Data excerpts
------------

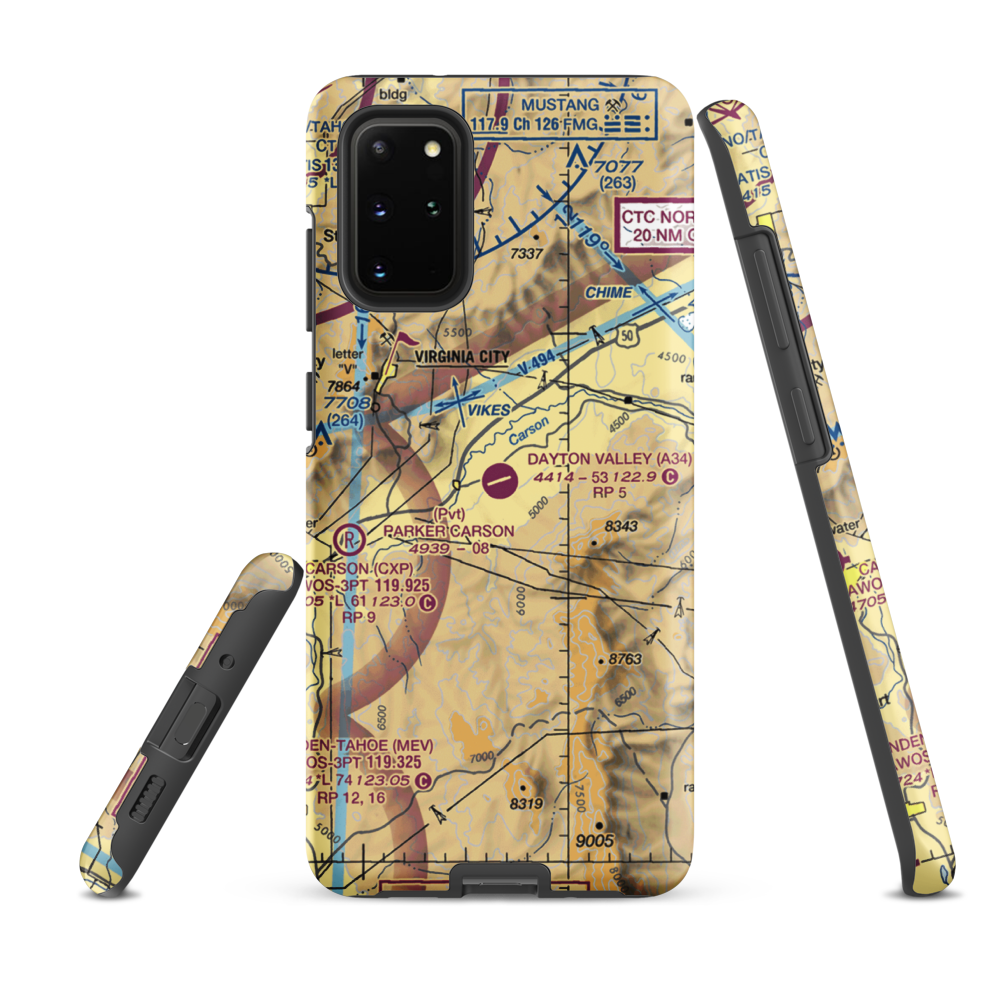 Dayton Valley Airpark (A34) VFR Sectional Samsung Phone Case Samsung Galaxy S20 Plus model shown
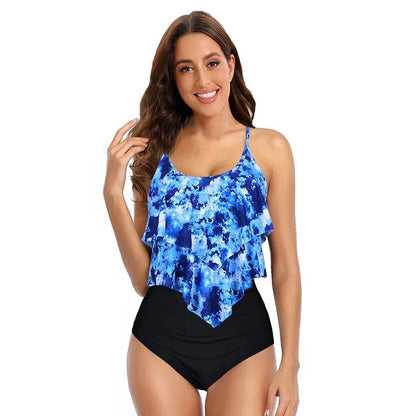 Women’s Bikini Set – Ruffled Top – Ruched High Rise Bottom – Modest Full Coverage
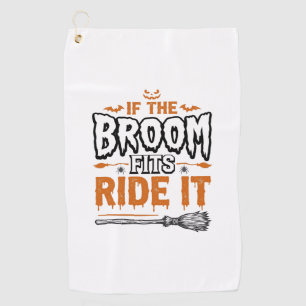 Funny Halloween Witch Broom Vintage Shirt Design_1 Golf Towel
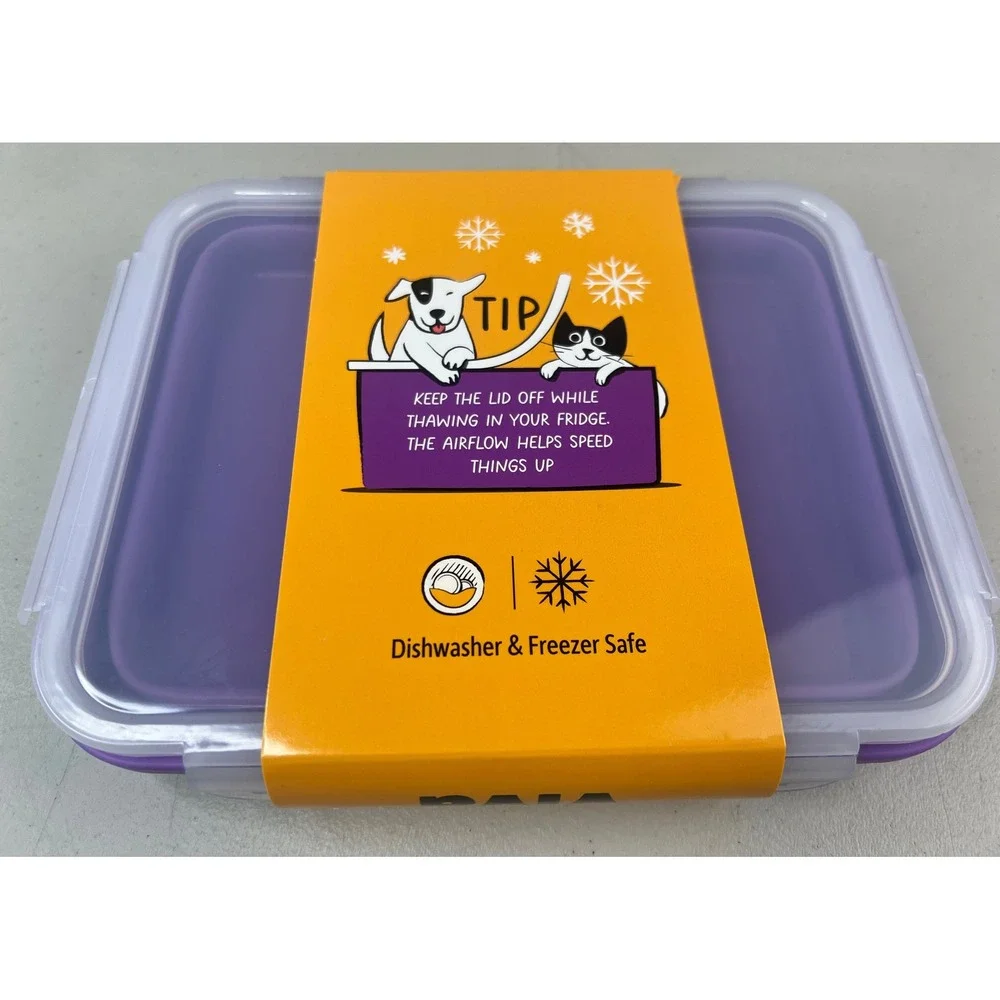 VIVA Raw Dog Cat Food Thawing Container Purple Silicone Collapsible Pet Feeder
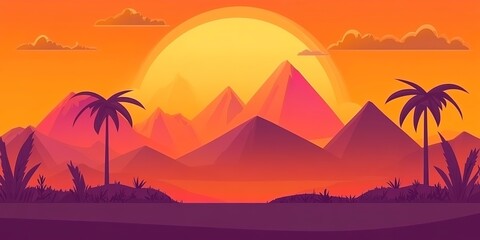 Panoramic Mountain landscape with orange sunset 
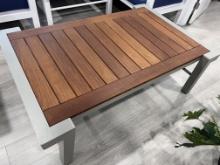 Teak Top Coffee Table, Powder Coated Aluminum Frame To Be Picked Up in Boca Showroom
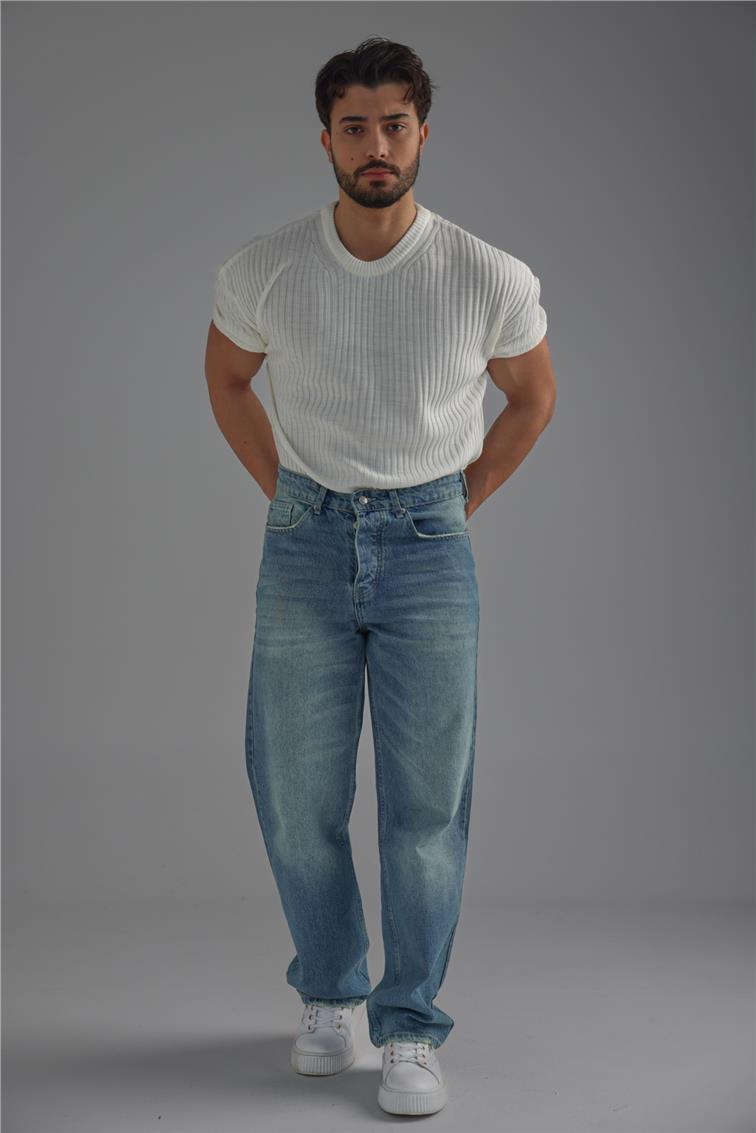 Loose Fit Ribbed T-Shirt Beyaz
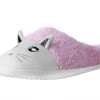 SL04 Womens Pink & White Fuzzy Kitty Slipper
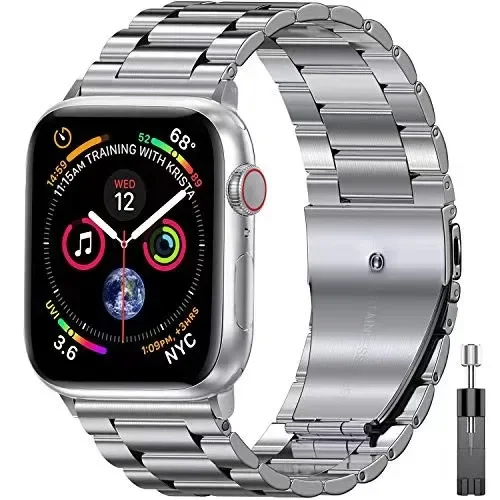 Edelstahl-Metallarmband für Apple Watch Ultra 3 49 mm 46/42 mm 45/41 mm 44 mm Faltschließe Armband iWatch 11 10 9 8 7 6 5 SE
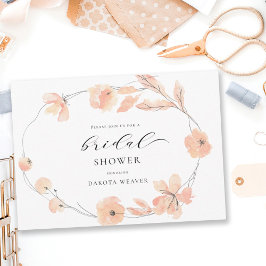 Eenvoudige Waterverf Blush Pink Peach Vrijgezellen Kaart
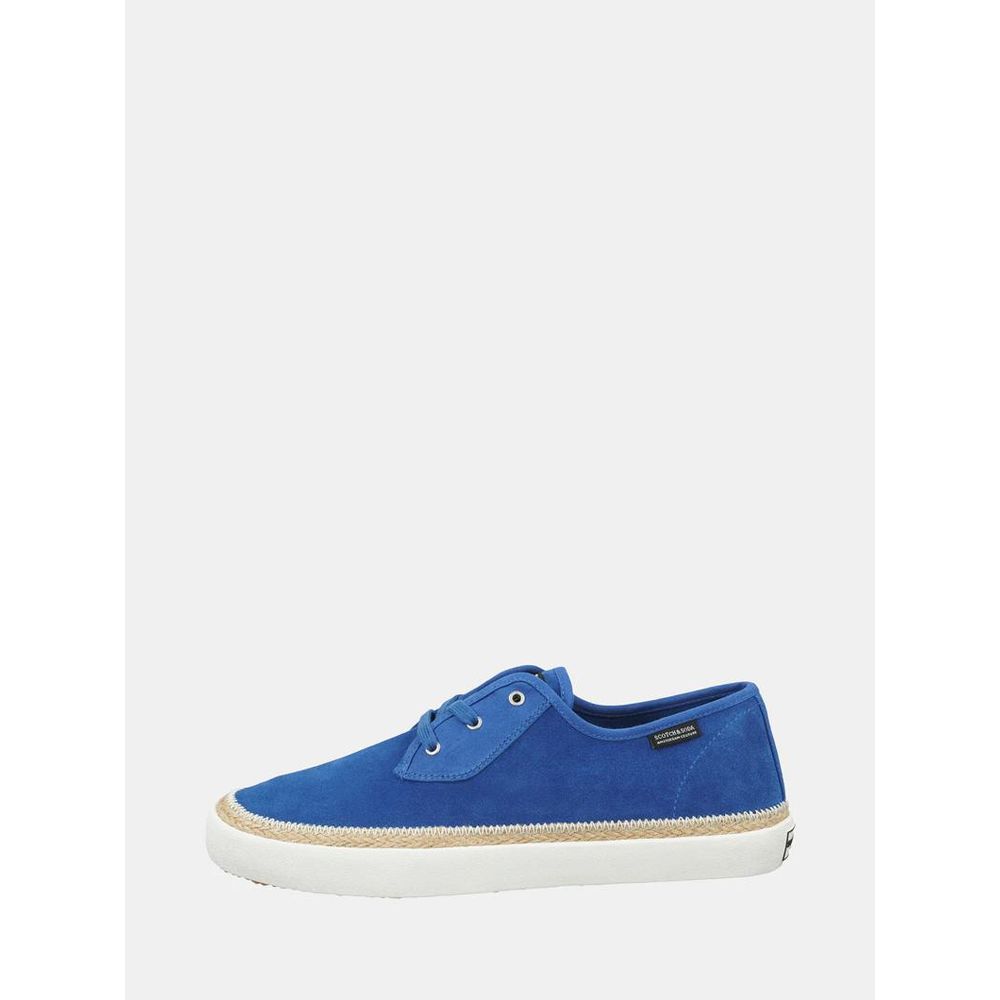 Blue Leather Low Top Sneakers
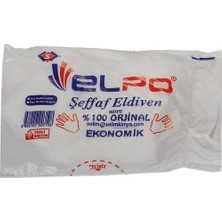 Elpo Şeffaf Eldiven HDPE Malzemeden Standart Beden 100'LÜ Ekonomik Temizlik Eldiveni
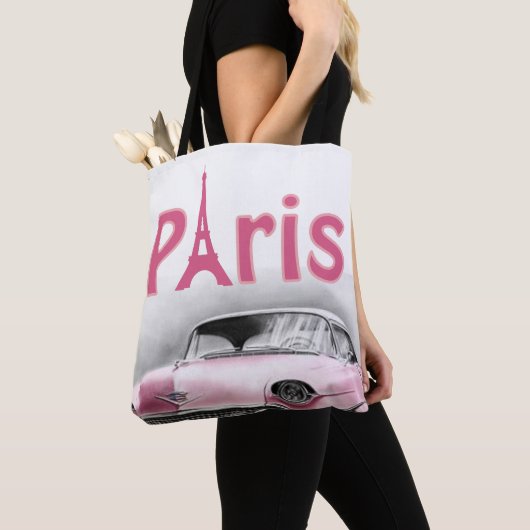 Canvas tas Paris Frankrijk Roze auto (Dichtbij)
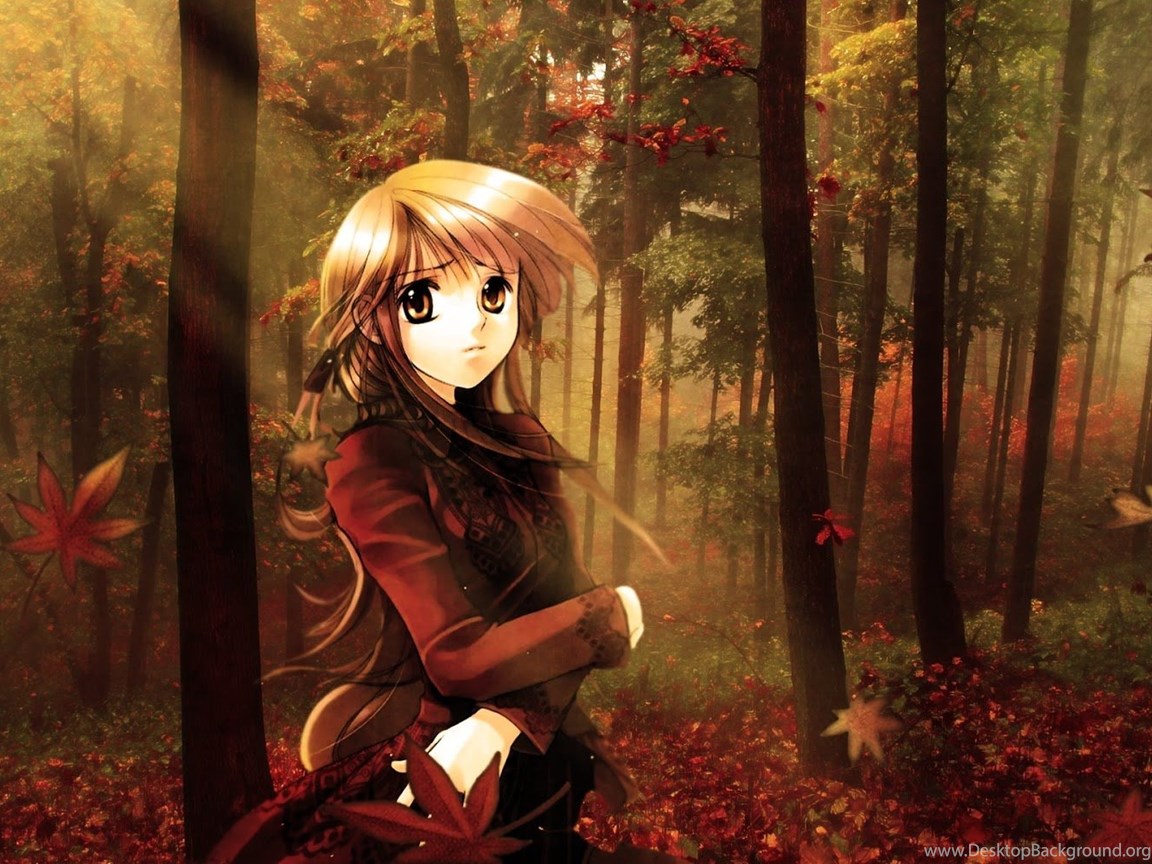 Anime Girl Autumn Fall Mystery Wallpaper Desktop Background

------------

DESCRIPTION OF THE TASK - Reproduce exactly the part of the records above that begins at the line holding "Funny Halloween Witch" and ends at the final line, both included, leaving out the pictures.

ANSWER TO THIS EXERCISE -
 Funny Halloween Witch Broom Vintage Shirt Design_1 Golf Towel
 VIVA Raw Dog Cat Food Thawing Container Purple Silicone Collapsible Pet Feeder
 Panoramic Mountain landscape with orange sunset 
 Teak Top Coffee Table, Powder Coated Aluminum Frame To Be Picked Up in Boca Showroom
 Loose Fit Ribbed T-Shirt Beyaz
 SL04 Womens Pink & White Fuzzy Kitty Slipper
 Edelstahl-Metallarmband für Apple Watch Ultra 3 49 mm 46/42 mm 45/41 mm 44 mm Faltschließe Armband iWatch 11 10 9 8 7 6 5 SE
 Eenvoudige Waterverf Blush Pink Peach Vrijgezellen Kaart
 Blue Leather Low Top Sneakers
 Elpo Şeffaf Eldiven HDPE Malzemeden Standart Beden 100'LÜ Ekonomik Temizlik Eldiveni
 Canvas tas Paris Frankrijk Roze auto (Dichtbij)
 Anime Girl Autumn Fall Mystery Wallpaper Desktop Background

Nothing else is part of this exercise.